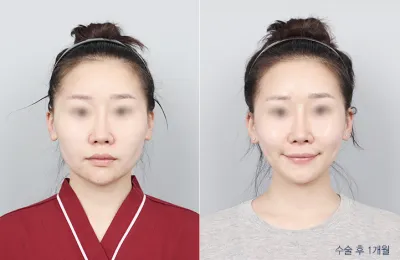 Before & After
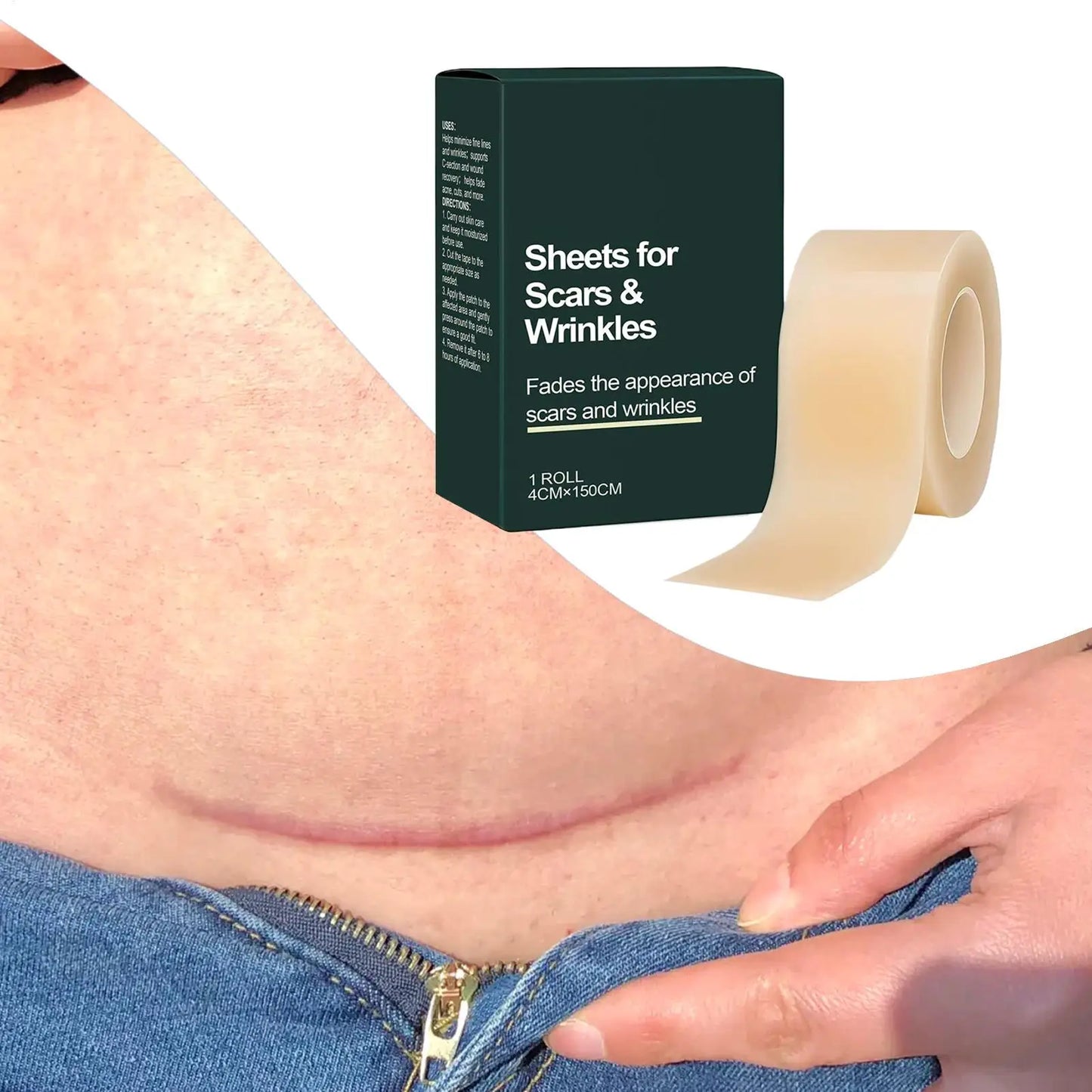 Silicone Scar Sheet Roll 4cm×150cm – Cuttable Skin Care Strip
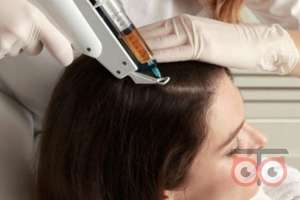 تخفیف ویژه مزوتراپی موی سر تخفیف ویژه مزوتراپی موی سر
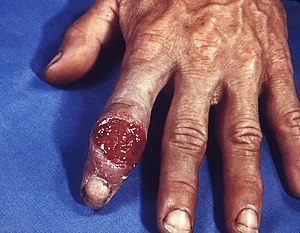 Primary chancre of syphilis on the hand. Unlik...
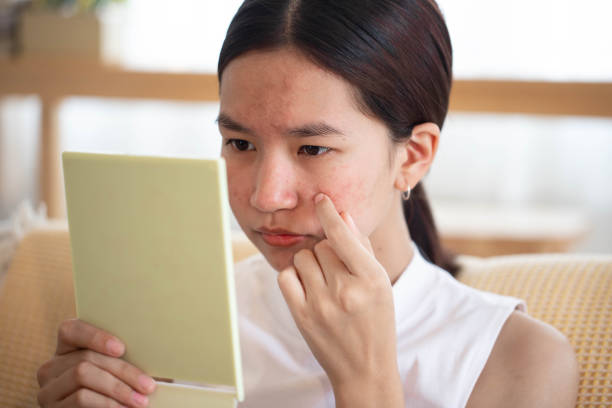 istock Conceptual shot of Acne & Problem Skin on female face. 1462797601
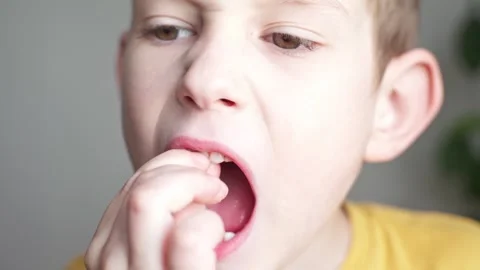 The child boy is shaking the front incisor tooth with his fingers Stock Footage 277877024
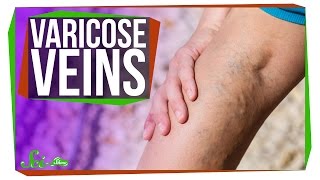 Why Do I Have Varicose Veins [upl. by Garmaise]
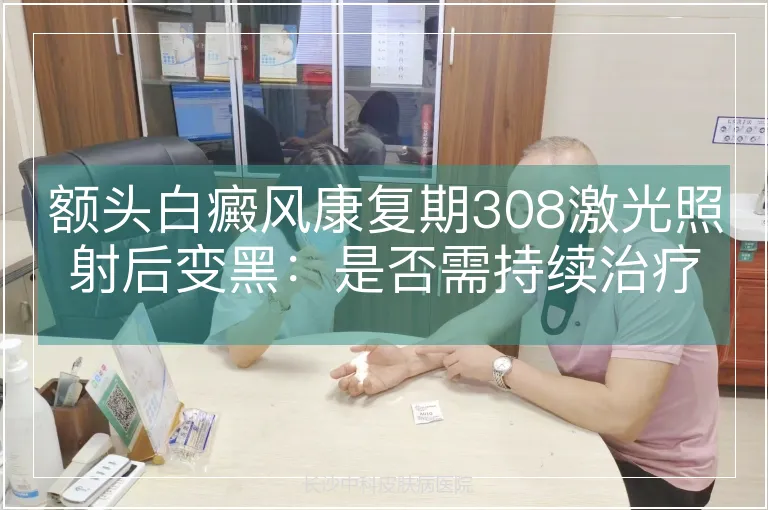 额头白癜风康复期308激光照射后变黑：是否需持续治疗的专业解析
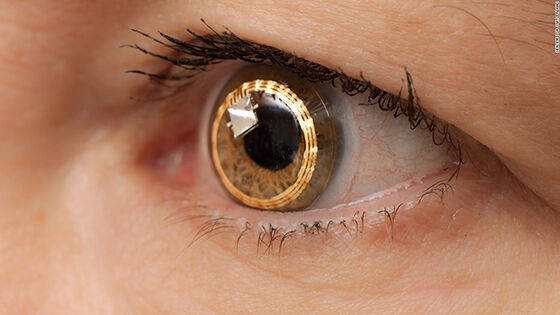Google X Lense Penemuan Teknologi Mengubah Dunia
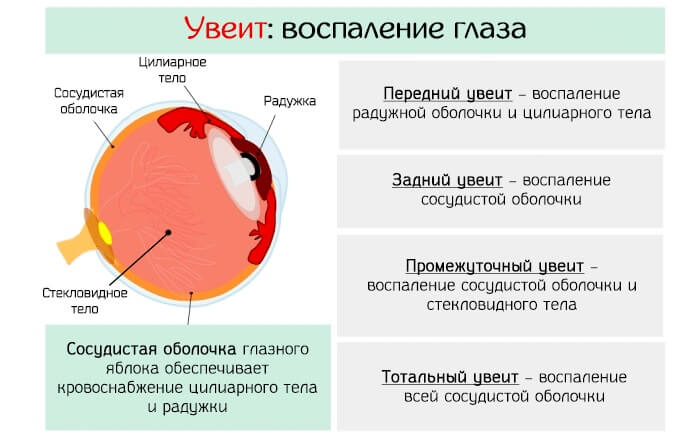 Воспаление глаза при увеите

=-=-=

_Your assignment_
Leaving the pictures aside, transcribe only the lines from the one containing "The child boy" to the final line of the listing above, inclusive, exactly as they appear.

_Completed exercise_
 The child boy is shaking the front incisor tooth with his fingers Stock Footage 277877024
 Why Do I Have Varicose Veins [upl. by Garmaise]
 额头白癜风康复期308激光照射后变黑：是否需持续治疗的专业解析
Google X Lense Penemuan Teknologi Mengubah Dunia
 Воспаление глаза при увеите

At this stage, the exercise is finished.